The world of social media has evolved rapidly in recent years. Traders and investors widely use various platforms both as a means of getting access to news and for trading ideas.
Using social media as a trading indicator isn’t a new concept and the sentiment of tweets from Twitter has previously been shown to lead to outperformance in various different studies.
However, a new paper by Rakowski, Shirley and Stark, suggests that there is a significant edge to be had by moving beyond news ‘sentiment’ and focusing on how a news source such as Twitter, helps stocks gain increased levels of attention.
Is All That Twitters Gold?
Rakowski, Shirley and Stark focus on how stocks that have previously received limited exposure through either the mainstream financial media or analysts at major institutions, have the ability to sharply increase in value in the days following a spike in the number of Twitter posts they feature in.
The authors use hashtags (or more specifically cashtags – which are the tickers that use a $ sign) to identify stocks and they calculate the daily numbers of tweets they receive.
Between 2011 and 2015, the authors monitored the increases and decreases in daily cashtag activity for stocks that make up the Russell 3000 index at that particular point in time.
Stocks were also analyzed based on market cap, the number of analysts covering them, and the number of daily news articles.
A Long/Short Twitter Strategy
In the paper, the authors construct a long/short trading strategy. They take the top decile of stocks that have shown an increased level of Twitter activity and also those that have the lowest market capitalization.
In other words, they are looking for small cap stocks with high Twitter activity.
Holding the highest ranked stocks for one day after the spike in Tweets, resulted in an adjusted excess annual return of 58.10% or about 291% over the five year sample period.
Interestingly, the second day after a spike in Twitter activity, showed significant levels of mean reversion, whereby those same stocks gave up much of their gains.
There are a few consideration that we need to take into account with this study.
Firstly, it’s often those stocks that have low market caps and are the least liquid and lightly traded that are prone to the largest price increases because of a Twitter spike.
The results don’t include commissions or fees associated with executing trades. Instead, the authors conduct the strategy at the bid/ask midpoint to help model transaction costs.
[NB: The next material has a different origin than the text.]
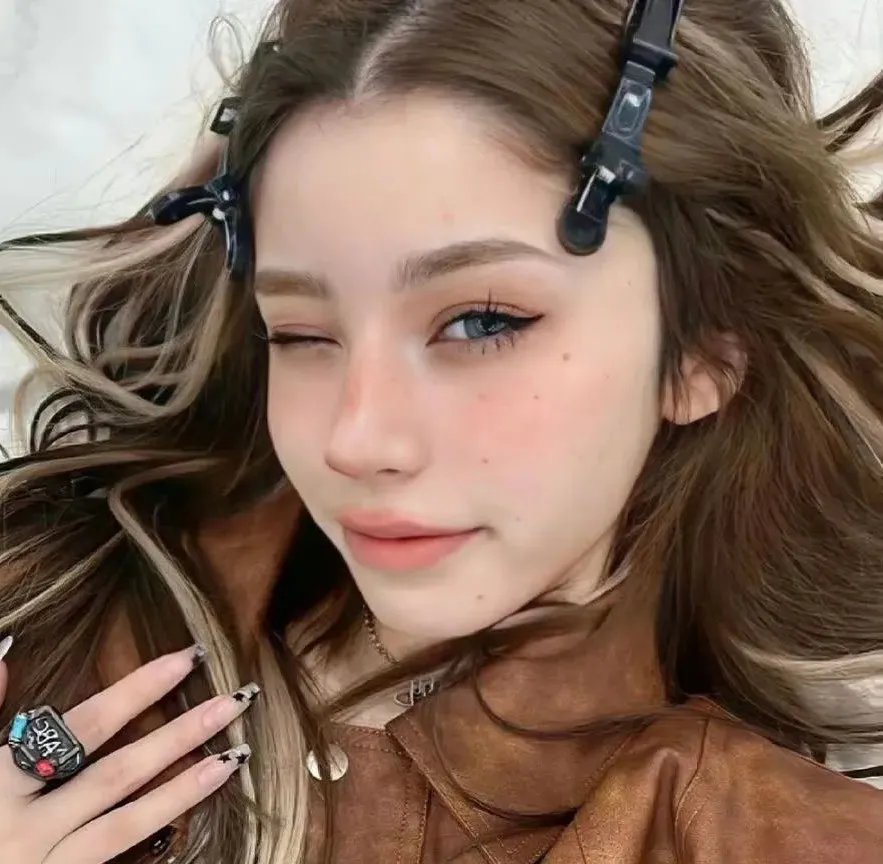 老爸老妈爱出墙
The authors of the paper theorize that the reason for the level of outperformance comes down to what they call “Twitter attention”, which is a combination of investor attention and impediments to trade.
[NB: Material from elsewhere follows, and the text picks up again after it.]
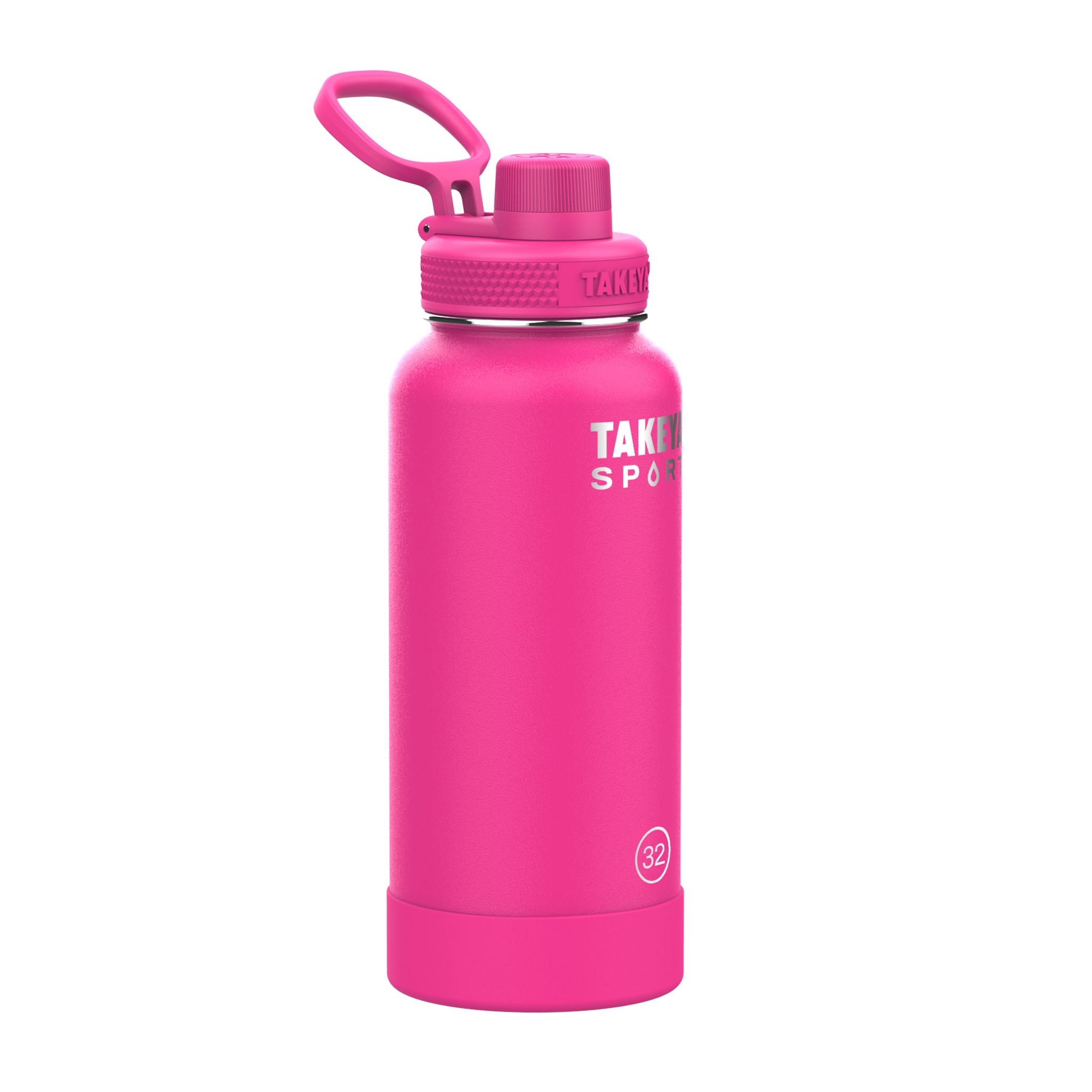 Takeya thermoflask fashion 32 oz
Investor attention refers to the fact that smaller, less liquid stocks, simply don’t get the level of attention or coverage that larger companies do and are therefore more likely to be mispriced.
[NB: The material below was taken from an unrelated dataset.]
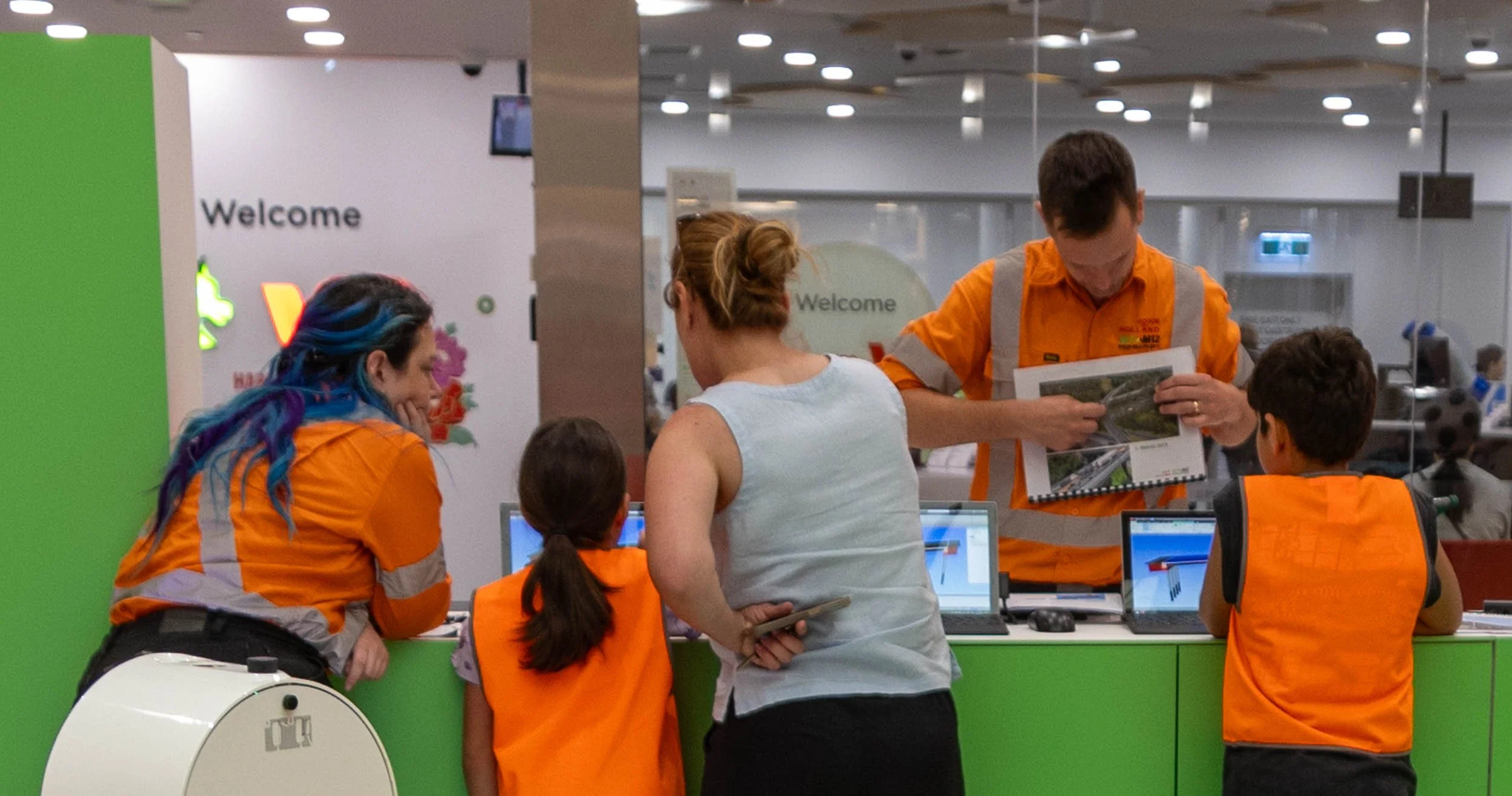 250124-Female Constructors of the Future-3103.jpg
Similarly, impediments to trade refers to the fact that small and illiquid stocks are difficult for large institutions to trade and are therefore more likely to be incorrectly valued by the market.
Key Takeaways for Traders
Even though many would suggest that Twitter is just a distraction, it appears that there is value in using it as a tool to identify stocks that have the potential to outperform.
If a low-cap stock that has limited analyst exposure, begins to show a significant increase in the number of tweets it’s receiving, then there is the possibility that it could outperform the day following that spike.
However, it’s important to note that those returns will likely be mean reverting the day following any price increase.
This information is particularly valuable for intraday momentum traders who are on the lookout for stocks that have the potential to make large intraday moves.
Deciphering the information content within the tweets (i.e. whether the sentiment is bullish or bearish) could result in even bigger gains for traders.
How To Get Ahead
There are essentially two ways that traders can use the information contained within this study to find an edge and get ahead.
The first is to built a mechanical trading strategy using a platform like Amibroker, Quantopian, Multicharts, or even Excel.
This method would require streaming data from Twitter as well as price data for Russell 3000 stocks.
The second way is to build a strategy of your own in real time.
To do so, start with a paper trading account and look out for high Twitter activity in the small cap space. Track all of your trades and evaluate your progress diligently.
If you are in profit after a sample of 30 trades, you may move to a small pot of real money. If you are happy after 100 trades, you can start to increase size.
This is a process I use to take new trading ideas into the live market and what I talk about in the System Traders Feedback Loop.